The new spec, predictably called the USB4 Version 2.0, brings support for up to 80GBPS bi-directional bandwidth, made possible by up to four transfer lanes. This infrastructure will even make it possible to transfer data at up to 120GBPS in one direction through three lanes while maintaining 40GBPS in the other direction.
This new spec takes advantage of a new physical layer architecture based on PAM-3 signal encoding, which doubles the potential speeds of Thunderbolt 4 USB-C cables, which currently can only go up to 40GBPS. What speeds you actually get will be determined by the system software, which will check what kind of data configuration your system can support.

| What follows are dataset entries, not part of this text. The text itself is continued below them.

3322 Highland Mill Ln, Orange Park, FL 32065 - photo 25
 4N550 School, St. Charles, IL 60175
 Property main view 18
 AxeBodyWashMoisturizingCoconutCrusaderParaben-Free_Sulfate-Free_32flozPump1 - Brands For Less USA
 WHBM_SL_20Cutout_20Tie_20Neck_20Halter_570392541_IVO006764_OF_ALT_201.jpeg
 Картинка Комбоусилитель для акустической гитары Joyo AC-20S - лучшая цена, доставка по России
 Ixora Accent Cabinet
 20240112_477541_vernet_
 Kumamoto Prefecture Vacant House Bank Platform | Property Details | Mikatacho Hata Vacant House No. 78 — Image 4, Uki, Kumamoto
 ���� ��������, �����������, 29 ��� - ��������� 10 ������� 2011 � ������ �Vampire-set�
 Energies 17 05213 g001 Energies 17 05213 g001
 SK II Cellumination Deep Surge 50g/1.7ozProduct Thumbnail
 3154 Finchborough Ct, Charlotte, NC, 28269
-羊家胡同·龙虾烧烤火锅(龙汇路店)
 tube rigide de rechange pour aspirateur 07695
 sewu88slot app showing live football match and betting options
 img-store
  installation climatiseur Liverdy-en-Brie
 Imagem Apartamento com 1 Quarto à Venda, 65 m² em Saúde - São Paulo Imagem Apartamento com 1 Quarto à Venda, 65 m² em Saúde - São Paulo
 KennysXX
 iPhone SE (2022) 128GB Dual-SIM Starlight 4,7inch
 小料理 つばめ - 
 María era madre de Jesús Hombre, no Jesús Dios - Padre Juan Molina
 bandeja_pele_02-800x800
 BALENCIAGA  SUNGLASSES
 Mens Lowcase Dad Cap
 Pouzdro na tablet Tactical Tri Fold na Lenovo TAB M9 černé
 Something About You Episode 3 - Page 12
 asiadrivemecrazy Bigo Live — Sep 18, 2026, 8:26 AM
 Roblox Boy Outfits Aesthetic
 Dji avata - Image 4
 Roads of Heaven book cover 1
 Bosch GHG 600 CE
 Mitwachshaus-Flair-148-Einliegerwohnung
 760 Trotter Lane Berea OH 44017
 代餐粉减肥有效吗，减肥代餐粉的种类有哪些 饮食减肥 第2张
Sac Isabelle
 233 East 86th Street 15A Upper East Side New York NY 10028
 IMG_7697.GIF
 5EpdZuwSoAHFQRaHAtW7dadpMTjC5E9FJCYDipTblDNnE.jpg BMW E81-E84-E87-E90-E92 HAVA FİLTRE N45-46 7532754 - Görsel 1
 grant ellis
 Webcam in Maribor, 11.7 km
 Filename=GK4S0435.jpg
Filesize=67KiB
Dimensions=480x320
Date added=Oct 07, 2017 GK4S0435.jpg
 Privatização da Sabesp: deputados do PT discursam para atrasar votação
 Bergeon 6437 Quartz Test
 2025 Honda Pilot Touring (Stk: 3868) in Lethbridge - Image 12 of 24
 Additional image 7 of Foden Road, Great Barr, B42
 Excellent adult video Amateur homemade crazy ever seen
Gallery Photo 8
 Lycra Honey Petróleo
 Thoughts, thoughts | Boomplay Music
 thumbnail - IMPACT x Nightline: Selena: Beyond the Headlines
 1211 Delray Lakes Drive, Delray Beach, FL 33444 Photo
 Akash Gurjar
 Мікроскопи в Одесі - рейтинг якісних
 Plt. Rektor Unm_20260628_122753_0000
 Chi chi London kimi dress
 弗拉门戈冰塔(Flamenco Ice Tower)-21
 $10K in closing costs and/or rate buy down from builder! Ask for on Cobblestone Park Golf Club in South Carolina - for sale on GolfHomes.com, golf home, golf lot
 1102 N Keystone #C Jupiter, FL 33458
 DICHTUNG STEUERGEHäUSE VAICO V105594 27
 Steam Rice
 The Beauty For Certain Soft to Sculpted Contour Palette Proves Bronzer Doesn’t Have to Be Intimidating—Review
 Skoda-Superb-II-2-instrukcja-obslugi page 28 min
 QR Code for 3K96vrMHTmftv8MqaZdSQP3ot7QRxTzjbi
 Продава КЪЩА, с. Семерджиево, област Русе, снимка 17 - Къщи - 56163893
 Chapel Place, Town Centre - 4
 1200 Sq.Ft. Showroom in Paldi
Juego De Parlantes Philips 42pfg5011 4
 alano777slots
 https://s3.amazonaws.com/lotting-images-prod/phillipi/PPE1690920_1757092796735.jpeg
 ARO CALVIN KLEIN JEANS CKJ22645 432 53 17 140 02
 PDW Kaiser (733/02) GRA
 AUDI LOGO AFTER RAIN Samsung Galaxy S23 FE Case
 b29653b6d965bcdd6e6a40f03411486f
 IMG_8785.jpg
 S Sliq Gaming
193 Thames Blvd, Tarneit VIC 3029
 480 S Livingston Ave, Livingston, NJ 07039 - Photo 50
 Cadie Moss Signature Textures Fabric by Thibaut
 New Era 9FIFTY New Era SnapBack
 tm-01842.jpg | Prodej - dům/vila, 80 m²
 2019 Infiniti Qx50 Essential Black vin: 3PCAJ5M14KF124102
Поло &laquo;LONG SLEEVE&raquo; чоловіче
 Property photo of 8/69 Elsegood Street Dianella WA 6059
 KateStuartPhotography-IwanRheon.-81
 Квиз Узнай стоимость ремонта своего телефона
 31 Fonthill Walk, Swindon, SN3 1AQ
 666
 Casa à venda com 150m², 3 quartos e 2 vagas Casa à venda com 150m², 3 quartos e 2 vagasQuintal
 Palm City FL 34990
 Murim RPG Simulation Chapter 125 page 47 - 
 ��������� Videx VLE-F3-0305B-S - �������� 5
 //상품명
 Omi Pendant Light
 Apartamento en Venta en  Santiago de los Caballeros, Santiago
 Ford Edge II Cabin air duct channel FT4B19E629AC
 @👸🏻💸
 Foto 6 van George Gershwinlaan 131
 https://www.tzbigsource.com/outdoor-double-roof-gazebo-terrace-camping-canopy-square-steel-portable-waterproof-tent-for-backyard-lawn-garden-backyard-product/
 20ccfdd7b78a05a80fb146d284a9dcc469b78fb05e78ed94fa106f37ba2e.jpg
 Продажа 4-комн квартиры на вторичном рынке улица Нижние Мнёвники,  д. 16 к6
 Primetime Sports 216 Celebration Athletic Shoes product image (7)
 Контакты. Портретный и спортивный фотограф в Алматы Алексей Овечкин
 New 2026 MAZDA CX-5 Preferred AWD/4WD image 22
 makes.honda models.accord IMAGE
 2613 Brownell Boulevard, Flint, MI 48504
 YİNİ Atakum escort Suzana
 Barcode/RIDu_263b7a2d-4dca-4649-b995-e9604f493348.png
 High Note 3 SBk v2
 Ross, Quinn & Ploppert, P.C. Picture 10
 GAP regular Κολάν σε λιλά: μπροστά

This will make it possible to connect high-spec devices through USB C cables, such as monitors with resolutions beyond 4K, or ones that support extremely high refresh rates, HDR output and other modern features. You can even string a bunch of monitors together for a high-speed multi-monitor gaming setup.
Other potential applications include the use of this protocol for high-speed data transfer in external SSDs and GPUs that are currently hindered by the potential bottlenecks of modern USB-C hardware. You can even support USB 3.2 tunnelling at up to 20Gbps, which is twice the speed of previous gen versions.
While these are certainly upgrades worth getting excited about, you will still have to wait quite sometime before you get to enjoy them since USB4 Version 2.0 cables and adapters will not hit the open market for another 12 to 18 months.